There are so many interesting aspects of the Mellanox acquisition to explore: NVIDIA’s deeper entry into Israel’s tech industry; other computing related assets that are at Mellanox (EZChip and Tilera); how will Jensen Huang’s management style play in Israel; Mellanox’s support for CCIX compute accelerator connection protocol vs. NVIDIA’s own NVLink. I’ll save them for a later article. For now, let’s explore this new NVIDIA.
How did NVIDIA get to be a data center company?
It all starts with the discovery (at Stanford), around 2006, that using Graphics Processing Units (GPUs) for some computationally intensive work loads provides a major improvement in performance per watt over a traditional processor or CPU. It turned out that all the little compute elements used to process pixels (texture processing), could be used for crude scientific calculations. The field was initially called GPU Compute. At the same time, graphics were also getting more complex and full-featured math processing capabilities were being added to GPUs. A few people at NVIDIA, including Prof. Bill Dally and the late John Nicholls, took note of the chance to expand the use for GPUs and make a significant difference in the High-Performance Compute (HPC) market. As a result, NVIDIA added more functionality into its GPUs for HPC workloads and developed the Tesla product line, modeled after its Quadro professional workstation product line. The company also developed the CUDA programming framework for its GPUs, but never supported for any other GPUs. AMD, the main competing GPU supplier, chose to wait for OpenCL to develop, which, as is frequent with industry standards, was much slower to develop. NVIDIA was remarkably successfully in HPC and is in 127 of the TOP500 list of Supercomputers and also powers the world’s two fastest supercomputers — the U.S. Department of Energy’s Summit at Oak Ridge National Laboratory and Sierra at Lawrence Livermore National Lab.

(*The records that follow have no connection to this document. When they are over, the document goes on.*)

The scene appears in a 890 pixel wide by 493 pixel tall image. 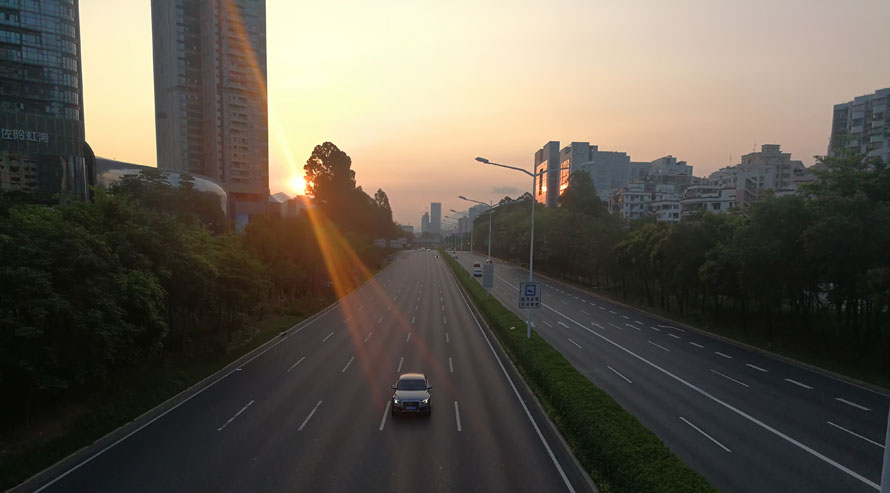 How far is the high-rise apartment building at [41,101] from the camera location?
33.9m

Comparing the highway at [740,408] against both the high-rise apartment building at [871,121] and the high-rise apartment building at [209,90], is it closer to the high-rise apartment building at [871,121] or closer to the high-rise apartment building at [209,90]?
the high-rise apartment building at [871,121]

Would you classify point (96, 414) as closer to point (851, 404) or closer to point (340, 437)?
point (340, 437)

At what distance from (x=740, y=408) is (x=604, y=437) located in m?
10.4

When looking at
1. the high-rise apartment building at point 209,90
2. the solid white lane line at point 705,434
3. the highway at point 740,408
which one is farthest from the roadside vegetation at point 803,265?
the high-rise apartment building at point 209,90

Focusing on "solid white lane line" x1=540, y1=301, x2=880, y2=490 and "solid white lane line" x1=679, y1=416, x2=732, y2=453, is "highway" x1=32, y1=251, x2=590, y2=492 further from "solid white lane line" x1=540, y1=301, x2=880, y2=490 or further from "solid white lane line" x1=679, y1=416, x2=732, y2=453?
"solid white lane line" x1=540, y1=301, x2=880, y2=490

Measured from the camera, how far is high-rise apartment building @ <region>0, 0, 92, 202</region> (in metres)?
33.9

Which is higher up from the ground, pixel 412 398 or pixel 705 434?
pixel 412 398

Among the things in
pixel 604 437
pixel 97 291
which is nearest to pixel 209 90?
pixel 97 291

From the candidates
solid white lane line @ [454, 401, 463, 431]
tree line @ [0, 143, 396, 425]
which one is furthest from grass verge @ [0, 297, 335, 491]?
solid white lane line @ [454, 401, 463, 431]

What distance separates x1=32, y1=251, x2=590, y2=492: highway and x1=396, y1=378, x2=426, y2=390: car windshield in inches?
43.9

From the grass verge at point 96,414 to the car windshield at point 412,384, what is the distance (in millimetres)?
10563

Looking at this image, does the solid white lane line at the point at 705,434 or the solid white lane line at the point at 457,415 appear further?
the solid white lane line at the point at 457,415

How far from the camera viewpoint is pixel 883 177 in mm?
28062

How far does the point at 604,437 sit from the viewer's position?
→ 1270cm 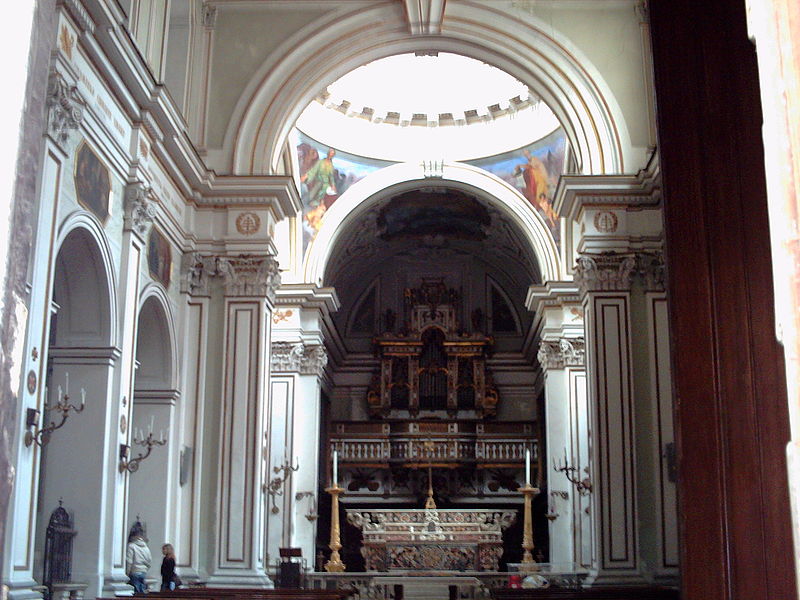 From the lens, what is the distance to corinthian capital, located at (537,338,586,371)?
21391mm

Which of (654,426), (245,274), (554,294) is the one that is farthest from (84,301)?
(554,294)

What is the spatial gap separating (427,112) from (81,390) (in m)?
13.7

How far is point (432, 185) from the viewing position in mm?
22906

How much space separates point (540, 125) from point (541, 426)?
7.77 meters

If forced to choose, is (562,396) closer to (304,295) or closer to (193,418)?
(304,295)

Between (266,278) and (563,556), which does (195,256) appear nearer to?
(266,278)

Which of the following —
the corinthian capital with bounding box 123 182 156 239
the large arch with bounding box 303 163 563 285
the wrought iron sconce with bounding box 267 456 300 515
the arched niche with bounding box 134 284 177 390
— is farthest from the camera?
the large arch with bounding box 303 163 563 285

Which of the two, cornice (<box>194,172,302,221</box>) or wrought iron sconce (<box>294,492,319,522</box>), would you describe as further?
wrought iron sconce (<box>294,492,319,522</box>)

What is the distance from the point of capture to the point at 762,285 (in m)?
6.09

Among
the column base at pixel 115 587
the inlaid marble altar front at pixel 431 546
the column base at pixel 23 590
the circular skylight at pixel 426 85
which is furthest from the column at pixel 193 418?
the circular skylight at pixel 426 85

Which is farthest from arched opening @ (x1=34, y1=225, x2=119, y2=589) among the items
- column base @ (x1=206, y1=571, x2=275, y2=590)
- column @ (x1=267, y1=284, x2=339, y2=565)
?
column @ (x1=267, y1=284, x2=339, y2=565)

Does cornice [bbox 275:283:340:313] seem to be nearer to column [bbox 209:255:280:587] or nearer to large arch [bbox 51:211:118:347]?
column [bbox 209:255:280:587]

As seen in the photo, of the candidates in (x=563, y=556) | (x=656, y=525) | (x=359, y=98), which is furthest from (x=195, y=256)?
(x=563, y=556)

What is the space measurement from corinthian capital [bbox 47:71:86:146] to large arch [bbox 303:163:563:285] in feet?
39.9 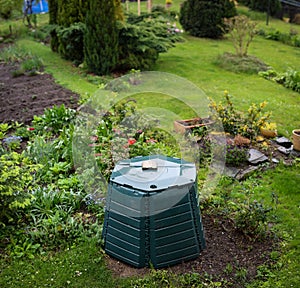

Because of NVIDIA’s work on GPU computing for HPC, some researchers in AI decided to use the GPU to accelerate new machine learning algorithms called deep convolutional neural networks (DCNN). The combination of new DCNN and GPUs made the training and operation (or inference) of AI neural networks much faster and more accurate than anything before. That led to a Cambrian explosion of AI research and applications, with NVIDIA leading the wave. The company quickly adapted its GPUs for these new work loads, adding new math functions and even dedicated processing elements called Tensor Cores. NVIDIA also developed a series of software libraries under the name cuDNN optimized for CUDA and deep neural networks.
As a result of the explosion in AI research, each cloud vendor has developed their own language – Google has TensorFlow, Facebook has Pytorch/Caffe 2, etc. Even with this fragmentation of AI frameworks, the field is still growing at a rapid pace. Still research into new algorithms is continuing and therefore a flexible approach has long-term cost of ownership benefits. Because of the flexibility of accelerators like the GPU (or alternatively an FPGA) offer, it is easy to adapt to new algorithms. In his GTC 2019 keynote, Jensen called this architecture “PRADA” – PRogrammable Acceleration of multiple Domains from one Architecture. That architecture compatibility allows the building of an installed base of software and system and drives down the cost of the infrastructure.
Moving from chips to systems
In Jensen’s keynote he made the case that data science is now the 4thpillar of scientific method. NVIDIA realizes that there’s a shortage of data scientists and AI researchers, therefore, the productivity of these people is important and to keep the momentum going, it is important to bring the resources to a wider range of developers. Therefore, the company designed DGX workstations and servers fully loaded with CUDA-X tools and libraries for ML research. The company is expanding its reach to data scientists with new data science platforms from several system OEMs, including Dell, HP Inc, and Lenovo.
Even with the new systems and tools, the industry still faces the challenge of sorting through exabytes of new and existing data for business and scientific insights. This is driving data science to solve the problem of too much data. When we get autonomous vehicles, they will generate exabytes of information that will need to be processed. This is why the company believes more and more data centers will need to build in AI processing to sort through all this data.
Supercomputers vs. Hyperscalers
In its work in HPC, NVIDIA has focused on maximum compute performance on very large problems (scale up). Hyperscale data centers often have many, many compute tasks running concurrently (scale out). The needs of data science fall right in between – large data sets and many users and with characteristics of both scale up and scale out.
To meet these varying needs, NVIDIA has built a number of server projects with Mellanox providing the rack networking. As a result of Mellanox’s success, it became an acquisition target by a variety of silicon and cloud companies, including companies like Intel and Microsoft. However, rather than going to one of these companies, Mellanox sought a more friendly partner like NVIDIA. When approached with the opportunity to be the white knight for Mellanox, Jensen jumped at the chance. With the growing containerization and hyperscaling of workloads with data analysis programs like Hadoop, SPARC, and RAPIDS, he sees an exponential increase in rack-to-rack communications, often referred to as east-to-west communications in a data center. As a result, low-latency networking has become critical to create a compute fabric. The Mellanox networking technology can make a data center flexible enough for these evolving workloads. The key development by Mellanox was offloaded networking tasks from the CPU to accelerators and in the future it will add AI to its switching products to move data more efficiently.
For server scale up applications (like HPC), the goal is to make multiple GPUs to work like one giant GPU. This is where NVIDIA’s NVLink comes into play, tying multiple GPUs together into a cluster. For the broader scale out infrastructure, The Tesla T4 card can be deployed. These 70W half-height PCIe cards fit into 2U rack chassis so that these cards can be liberally added to existing data centers. The T4 is NVIDIA’s most flexible data center offering – it can be used for inference, for training (just not at the same speed as the V100), data science, video transcoding, and for VDI (virtual desktop) applications. The T4 is the under appreciated, but in the future, there’s going to be greater emphasis on inference in cloud and edge applications. This is also the area where NVIDIA will find the most competition from Intel, and a growing army of startups.
While there are many contenders to the throne of AI accelerator, NVIDIA products are still king of the hill with the largest software installed based. With the acquisition of Mellanox, it just expanded its data center domain.